In consequence, G-I had two policies: the amended Reliance policy which covered claims made between July 1, 1999 and July 15, 2000; and the Hartford policy, which covered claims made between July 15, 2000 and July 1, 2002.

The underlying claim stemmed from G-I’s liability exposure for asbestos claims. In 1997, facing more than $200 million in existing asbestos liability and the prospect of hundreds of thousands of future claims, G-I distributed to Samuel J. Heyman, its CEO and controlling shareholder, the stock of a profitable subsidiary. Asbestos claimants with their representatives filed fraudulent conveyance actions against Heyman and G-I. These suits were filed on January 3, 2000 by an injured employee (“the Nettles action”); on September 19, 2000 by the Center for Claims Resolution (“the CCR action”); and September 17, 2001 by the Official Committee of Asbestos Claimants (“the Claimants Committee”) in G-I’s Chapter 11 bankruptcy case filed in 2001.

The Nettles action filing date thus fell within the amended Reliance policy period, and the CCR and Claimants Committee filing dates fell within the Hartford policy period. Because Reliance went into liquidation, G-I nonetheless sought coverage from Hartford for the three fraudulent conveyance suits against Heyman.

G-I rested its claim for coverage on three arguments: (1) Reliance and Hartford agreed to provide insurance coverage for a single policy period, so the Hartford policy period includes the amended Reliance policy period; (2) the interrelated wrongful acts provisions in the policy should not apply, so that the two later-filed fraudulent conveyance actions fell within the Hartford policy; and (3) the purchasing, servicing, and reinsurance agreements between Hartford and Reliance made Hartford directly liable under the amended Reliance policy. The Third Circuit rejected each of these arguments, affirming the district court’s grant of summary judgment to Hartford.

The Court observed that under New Jersey law, which supplied the rule of decision, “it is open to G-I to argue that (1) it was reasonable to expect that the Hartford policy would include the period initially covered by the Reliance policy and (2) this is one of those situations in which its reasonable expectations should trump the plain meaning of the policy.” Under New Jersey law, the reasonable expectations approach to policy interpretation applies to even where the insured is a sophisticated actor. 586 F.3d 247 n. 10.

In the context of G-I’s claim, the Court framed its reasonable-expectations analysis in this manner:

In performing the reasonable-expectations analysis, we must first ask whether, without making a request or receiving some affirmative signal, an insured can reasonably expect that the policy period of a new policy it takes out in response to the financial difficulties of a prior insurer would include the period of the old policy. If such an inclusion would follow as a matter of course that would strengthen G-I’s position considerably. However, G-I has provided no evidence to show that the process of acquiring a new policy from one insurer in response to the financial difficulties of a prior insurer is so standardized or driven by such determinant purposes that an insured (here G-I) can reasonably expect a specific relationship between the policy periods of the prior and new policies.

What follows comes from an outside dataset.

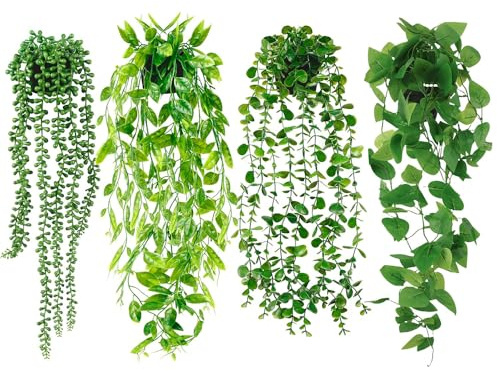 4 plantas artificiales falsas para el hogar, decoración verde, planta artificial pequeña, suculenta, mini plantas carnívoras artificiales, decoración del hogar, pasillo, decoración de pared, jardín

As a result, to put at issue whether it was reasonable for G-I to have expected the Hartford policy to cover the entire Reliance policy period, G-I had to establish either that (1) it requested a policy covering the entire policy period and Hartford did not clearly refuse to provide it or, more generally, that (2) Hartford by its actions or representations otherwise created a reasonable expectation in G-I that Hartford would provide such a policy.

Applying this analysis, the Court held that G-I had failed establish its claim to coverage.

First, the Court remarked that G-I had failed to provide evidence to support the proposition that G-I had requested that Hartford provide coverage for a policy period that included the amended Reliance period. In the Court’s view, “the handling of premiums and the combined liability cap could not have created a reasonable expectation that Hartford would cover the amended Reliance policy period.” Rather, the fact that Reliance and Hartford split the premium “should have suggested to a reasonable corporate insured employing a risk manager that Reliance and Hartford were splitting the risk insured by the original policy.” Id. That is, “G-I should have concluded that Hartford was not agreeing to cover the entire Reliance policy period.” Id.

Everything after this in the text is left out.